“ポテトサラダ論争”が、 SNSやテレビのワイドショーを賑わせています。発端は、スーパーの惣菜売り場でポテトサラダを買おうとした子ども連れの女性が、高齢の男性に「母親ならポテトサラダぐらい作ったらどうだ」と言われ、うつむいてしまったという出来事を綴ったツイッター。これに対し、「料理をしたことがないから言える言葉」「自分で作ってみたら分かる」「簡単そうな料理こそ手間がかかる」という反論の声が上がり、ついには、「どんな料理が面倒だと思うか」など、論点の裾野が拡がっています。
料理というものは押し並べてそうですが、少しでもおいしさの高みを目指そうとすると手間が増えるし、面倒なことが多くなります。ポテトサラダも同様。
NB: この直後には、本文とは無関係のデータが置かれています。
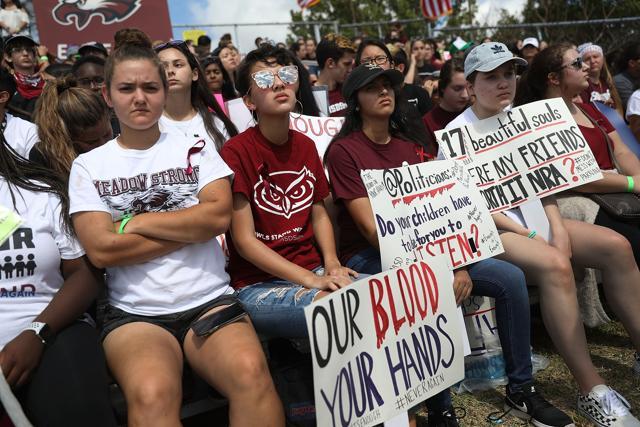 Marjory Stoneman Douglas High School students participate in the March For Our Lives event at Pine Trails Park before walking to the high school in Parkland, Florida. (AFP) Marjory Stoneman Douglas High School students participate in the March For Our Lives event at Pine Trails Park before walking to the high school in Parkland, Florida. (AFP)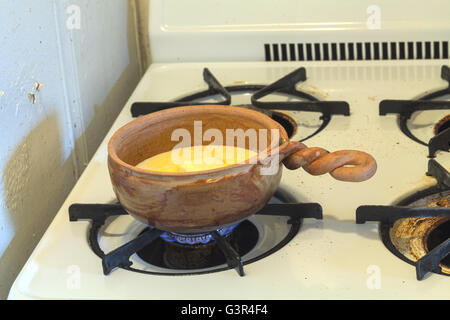 La série de fabrication du pain. Quatre cuillères à soupe de beurre avec une tasse de lait et trois quarts d'une tasse de sucre dans une casserole, chauffer à th Banque D'Images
じゃが芋を皮ごとゆでて熱いうちに潰して下味を付けるから、じゃが芋のコクと甘味、ホクホクのおいしさが味わえるのです。でも、丸ごとのじゃが芋をちょうどよいゆで加減で火を通すには経験が必要ですし、ゆで立ての熱々のじゃが芋の皮を手でむくのは大変です。簡単に作ろうと思えば、皮をむいてカットしたじゃが芋をゆでればいいのですが、それではどうしても水っぽくなります。
メインディッシュに添えられたり、居酒屋でお通しとして出てきたり、外食市場においてポテトサラダの地位は決して高いものではありません。ポテトサラダとはそういうものだと思っている方は、「ポテトサラダぐらい・・・」という言葉がついて出るのだと思います。
この夏、在宅勤務で1日3回食事を作っているパートナーに、「そうめん“で”いいよ」「冷やし中華“で”いいよ」などとは決して言いませんように。両方とも、面倒な料理に挙がっていますから。